Après avoir ainsi passé en revue tous les articles de la convention qui pouvoient souffrir quelque difficulté, M. de Floride Blanche me proposa de la mettre au net et de la signer. […] Je n’étois pas précisément assuré que M. de Floride Blanche me proposerait cette signature aussi brusquement ; mais je m’en doutois d’après plusieurs propos que m’avoit tenus Sa Majesté Catholique. Je m’étois donc préparé à cet incident par toutes les réflexions possibles. Il m’avoit paru qu’un refus de ma part devoit r’ouvrir la source des méfiances et des soupçons ou du moins y fourniroit de nouveaux prétextes. Il me paroissoit aussi que la convention, telle qu’elle étoit rédigée, remplissoit formellement le principal objet ; celui de mettre fin à toute tergiversation, à toute lenteur de la part de cette Puissance. […] J’ai donc pris mon parti, et sans montrer le moindre doute à M. de Floride Blanche je lui ai dit que j’étois si certain des intentions du Roi que, sans m’arrêter à la différence qui existoit entre le projet que je lui avois remis et la convention qu’il me proposoit de signer, je ne balançois pas et que je serois prêt à signer. (T.593 n°112, Montmorin à Vergennes, 13 avril 1779)

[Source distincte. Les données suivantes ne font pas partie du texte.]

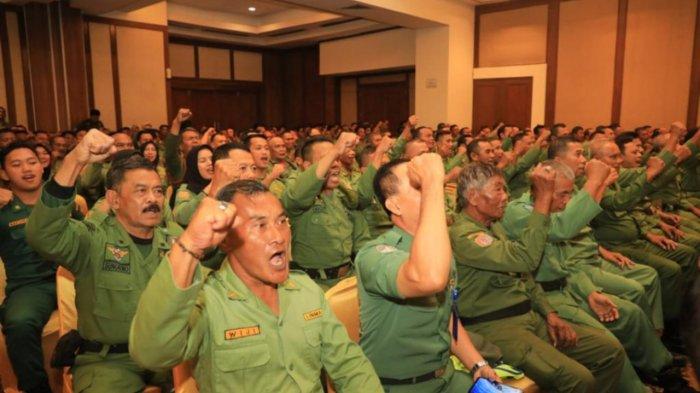 Sebanyak 234.598 anggota Satlinmas disiapkan untuk bertugas mengamankan TPS pada perhelatan pemilu 2024.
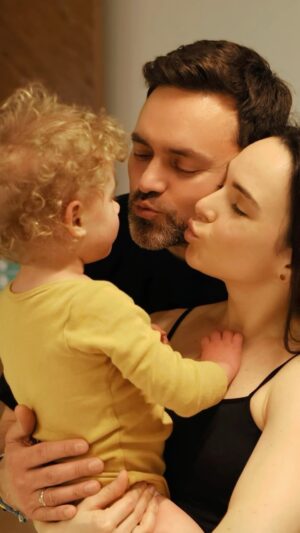 Timur Miroshnychenko Instagram - Ви ж всі знаєте, що я зараз на повторному навчанні в школі усиновлювачів.
І знаєте, що мене все це дуже бісило, бо програма слово в слово, ми закінчили минулі курси зовсім нещодавно…
Але… всюди є але…

Зараз сприйняття інформації зовсім інше. Коли Марсель потрапив до нас, в голові була купа знань. Все дуже доречне. Але було важко виокремити з цього масиву конкретний ключ.
Зараз я слухаю лекцію і вже бачу сина.
Бачу ЧОМУ так і головне ЩО робити. 
Приходжу додому і розумію, що лише зараз ці знання допомагають. Лише по другому колу.

Вчора ми слухали про те, що ми не знаємо минулого дитини, не знаємо досвіду, травм і глибини переживання.
І що будь що, запах, звук, слово може стати тригером і відправити дитину в те особисте пекло, з якого ми її вириваємо.

І саме вчора так і сталося.
В поїзді.
Абсолютно раптово в секунду щось віднесло дитину кудись далеко, де нас немає.
Це така істерика, яку зрозуміти лише тим, хто проживає аналогічний досвід. Бо на щастя діти в сім’ях таке не покажуть. 
Я теж плакала.
Заспокоювала в темряві, а сама плакала.
Бо так боліло, що воно може бути з ним завжди. Що якась порожнеча, страх можуть час від часу тягнути його в прірву.

Це сталося вже вдруге після того, як адаптація нібито пройшла.
Вперше після групових занять в центрі розвитку. З тих пір тема розвивашок і дитячого садка для нас закрита. Він сприйняв це, як повернення туди, звідки прийшов до нас.
Мені так соромно було… 
Що я вийшла по ту каву. 
Що лишила його з викладачем, нянями і іншими дітьми на 5 хвилин.
На ті 5 хвилин, коли він подумав, що я зрадила його…

Не знаю, про що цей пост.
Не хочу, аби нас жаліли.
І лякати нікого не хочу.
Просто так боляче за те, що робить з дітьми втрата батьків….
І невідомо, чи зможу я колись стати безпечним світом для свого сина.

P.S. @timur.miroshnychenko підписався під кожним словом, тому пост спільний ❤️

b. La plasticité de l’ambassadeur

La parole du diplomate représente un atout majeur pour la négociation entre deux puissances, davantage que la plume, qui grave sur un manuscrit une position de manière définitive, ledit document pouvant être allégué par l’autre partie pour dénoncer un revirement de position. L’entretien diplomatique s’avère une modalité de négociation plus flexible, au cours duquel l’on peut affiner et nuancer une posture qui serait perçue comme immuable dans le format écrit. De manière générale, le dialogue donne l’occasion au diplomate d’exprimer son opinion à travers tout un nuancier de tons et d’expressions qui constituent l’essence – et la difficulté – de la praxis diplomatique. Par le canal oral, l’ambassadeur peut également se permettre de réitérer ses demandes, en jouant sur le degré d’insistance selon la priorité donnée à la question. Conscient de ces spécificités, Vergennes, dans une dépêche du 19 juin 1778, partage ses réflexions à Montmorin à propos du meilleur moyen de parvenir à convaincre Floridablanca de se joindre à la France dans le conflit anglo-américain. Deux options s’offrent à lui : transmettre au premier ministre espagnol un document circonstancié, écrit de sa main, détaillant les avantages que présenteraient une alliance immédiate entre les deux Couronnes, ou laisser à Montmorin le soin d’aborder le sujet, autant que nécessaire, avec Floridablanca. Expliquant son choix, il brosse un portrait du métier d’ambassadeur en s’appuyant sur une analogie pour le moins originale :

J'ai bien délibéré, Monsieur le Comte, si déférant à votre conseil, j’écrirois avec détail à M. le comte de Floride Blanche. Toute réflexion faite, il m’a paru que ce parti, quoique avantageux à plusieurs égards, pouvoit avoir de grands inconvénients. […] Une lettre ne donne lieu à la discussion, qu’autant qu’on veut bien s’y livrer, on en prend ce que l’on veut, et on laisse le reste. D’ailleurs votre ami est tranchant, peut-être même un peu humoriste, il pourroit donner telles solutions, contre lesquelles il seroit embarrassant de revenir. Il n’en est pas de même pour un ambassadeur. Semblable à un canard (pardonnez-moi cette comparaison peu noble), qui se met à l’eau après s’être secoué, il peut revenir cent et cent fois sur le même objet, sans qu’on s’en formalise, parce qu’on sait bien que c’est son devoir. (T.589, n°124, Vergennes à Montmorin, 19 juin 1778)

2. La parole par la plume

La pratique diplomatique ne peut cependant se résumer à une distinction entre oral et écrit. Quasi systématiquement, la parole innerve les écrits de l’ambassadeur, lesquels sont pour certains de véritables verbatim, ou tâchent de l’être, des entretiens qui se sont tenus de vive voix. L’ambassadeur partage son temps entre audiences (avec le souverain, le premier ministre, les ministres, les grands personnages de la Cour, les autres ambassadeurs, etc.) et rédaction des comptes-rendus de ces échanges, certes accompagnés de réflexions personnelles et d’éléments d’information accessoires. Ces dépêches de compte-rendu peuvent se teinter d’une subjectivité qui s’explique par des raisons matérielles et/ou physiques (lorsque l’ambassadeur n’est pas en mesure de transposer immédiatement par écrit son entretien, ou lorsque sa mémoire lui fait défaut). La plume de l’ambassadeur, faute de pouvoir retranscrire à l’identique les propos tenus, s’emploie ainsi à « mettre en récit » les mots de son interlocuteur.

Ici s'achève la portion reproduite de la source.